A block of mass $m$ is kept over another block of mass $M$ and the system rests on a horizontal surface. A constant horizontal force $F$ acting on the lower block produces an acceleration $\frac{F}{2(m+M)}$ in the system. The two blocks always move together. Consider displacement $d$ of the system.

(a) Find the work done by friction on a bigger block.

(b) Find the coefficient of kinetic friction between the bigger block and the horizontal surface.

(c) Find the frictional force acting on the smaller block.

(d) Find the work done by the force of friction on the smaller block by the bigger block.

(e) Find the work done by static friction on a bigger block.

A block of mass $m$ is placed on the block of mass $M$ as shown in Figure. The horizontal force $\overrightarrow{F}$ acts on $M$ during time interval $t.$ If the horizontal surface is smooth, assuming no relative sliding between the blocks, find the

(a) work done by friction on the blocks

(b) work done by $\overrightarrow{F}$ on the lower block

A $10-\mathrm{kg}$ block is placed on a rough horizontal floor. The block is being pulled by a constant force $100 \mathrm{N}$ acting at angle $37°$ over displacement of $5 \mathrm{m}.$ If the coefficient of kinetic friction between the block and the floor is $0.4,$ find the work done by

(a) work done by the gravity

(b) the normal reaction

(c) the applied force

(d) the force of kinetic friction

A block of mass $2.0 \mathrm{kg}$ is pushed down an inclined plane of inclination $37°$ with a force of $F=20 \mathrm{N}$ acting parallel to the incline. It is found that the block moves down the incline with an acceleration of $10{ \mathrm{m} \mathrm{s}}^{-2}.$ If the block started from rest, find the work done

(a) by the applied force in the first second.

(b) by the weight of the block in the first second.

(c) by the frictional force acting on the block in the first second.

A block of mass $m_1$ moves with an acceleration $a_{12}$ relative to a trolley as shown in the figure. The block is being observed by two observers $\left(2\right)$ and $\left(3\right)$. The observer $\left(2\right)$ is at rest with respect to the trolley which is moving with acceleration $a_2$ while the observer $\left(3\right)$ is moving on the ground with acceleration $a_3$. What is the work done by the pseudo force as observed by the observers $\left(2\right)$ and $\left(3\right)$ on the block during the time $t$? Assume zero initial velocities of the bodies and observers.

A smooth block of mass $m$ moves up from the bottom to the top of a wedge which is moving with acceleration $a_0$. Find the work done by the pseudo force measured by the person sitting at the edge of the wedge.

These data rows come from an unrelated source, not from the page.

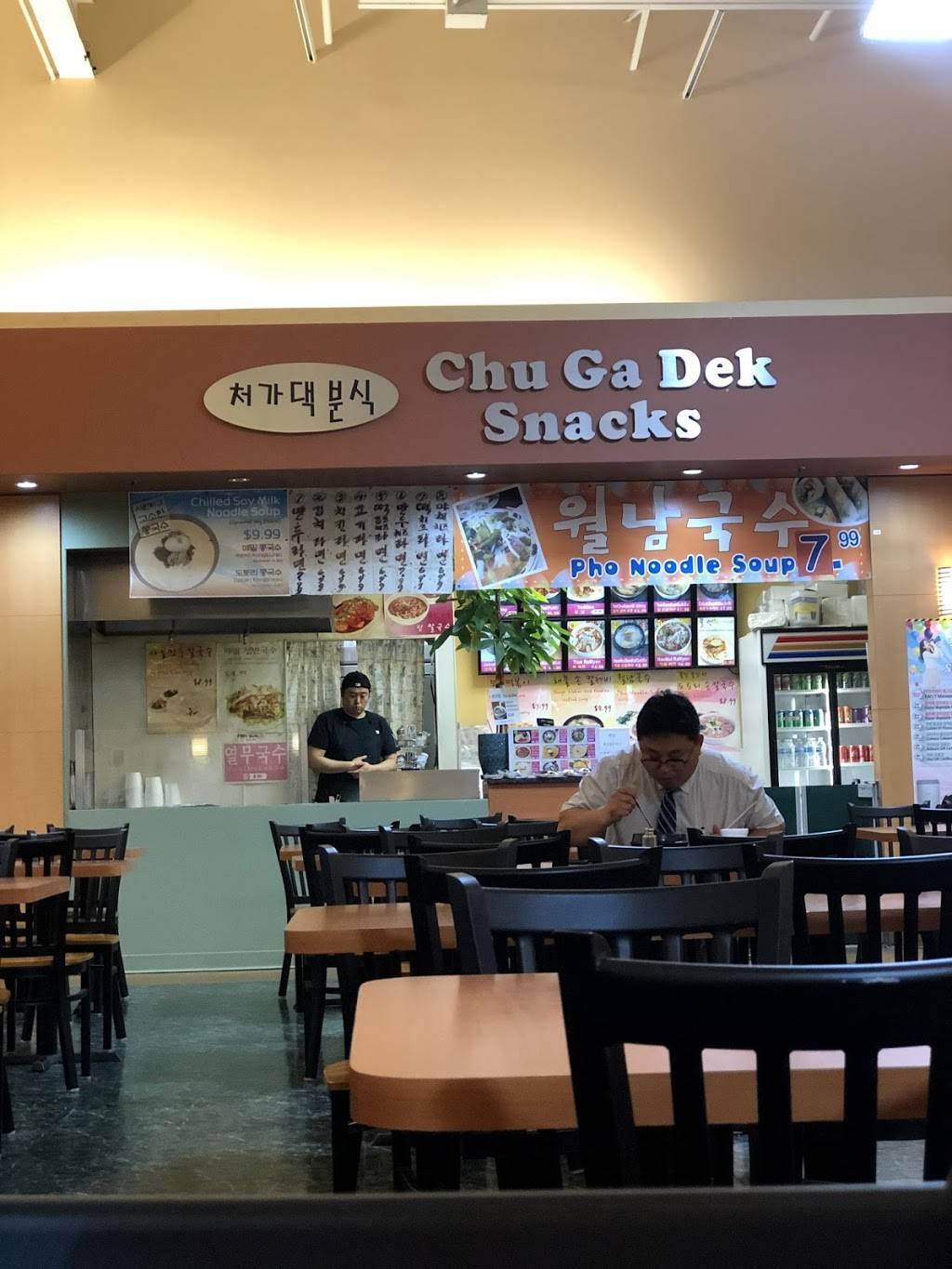 Musashi Japanese | restaurant | 8901 N Milwaukee Ave #111, Niles, IL 60714, USA | 8479668021 OR +1 847-966-8021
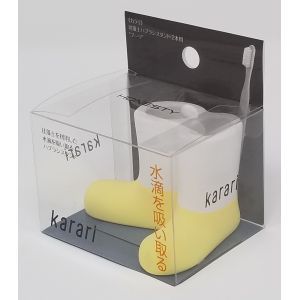 アネスティ アネスティ 珪藻土 Karari 歯ブラシ スタンド 2本用 イエロー HO-1899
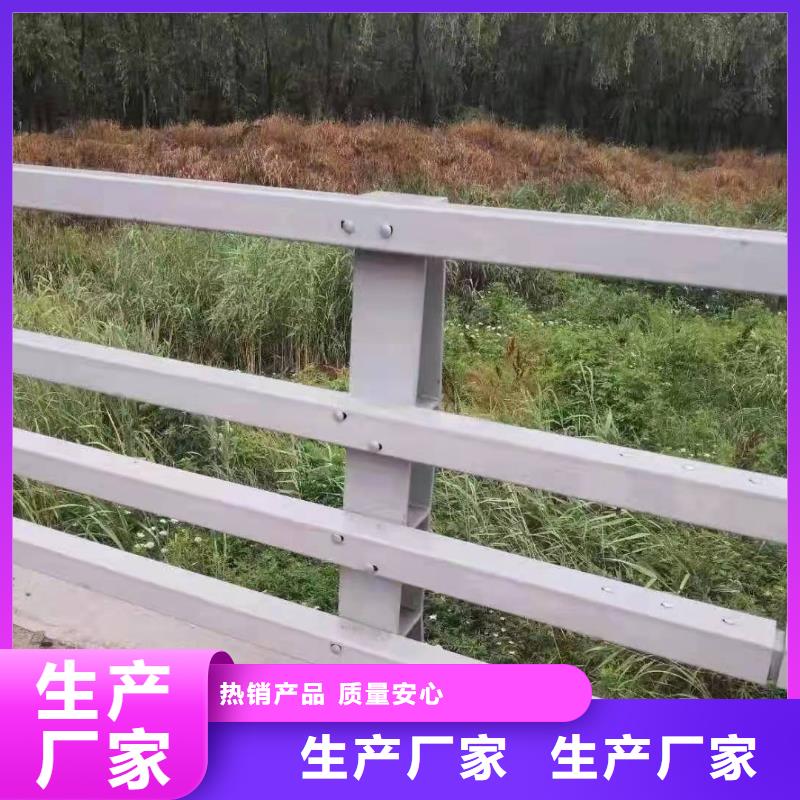 甄选:让利客户【桥梁护栏】,304不锈钢复合管护栏支持定制加工-金诚海润金属材料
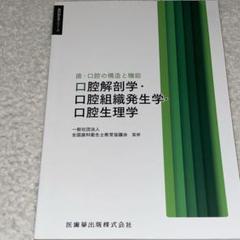 2025年最新】口腔組織・発生学の人気アイテム - メルカリ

The only force acting on a $2.0$$\mathrm{kg}$ body as it moves along the $x$-axis varies as shown in figure. The velocity of the body at $x=0$ is $4.0{ \mathrm{m} \mathrm{s}}^{-1}$.

(a) What is the kinetic energy of the body at $x=3.0 \mathrm{m}$?

(b) At what value of $x$ will the body have a kinetic energy of $8.0 \mathrm{J}$?

(c) What is the maximum kinetic energy attained by the body between $x=0$ and $x=5.0 \mathrm{m}$?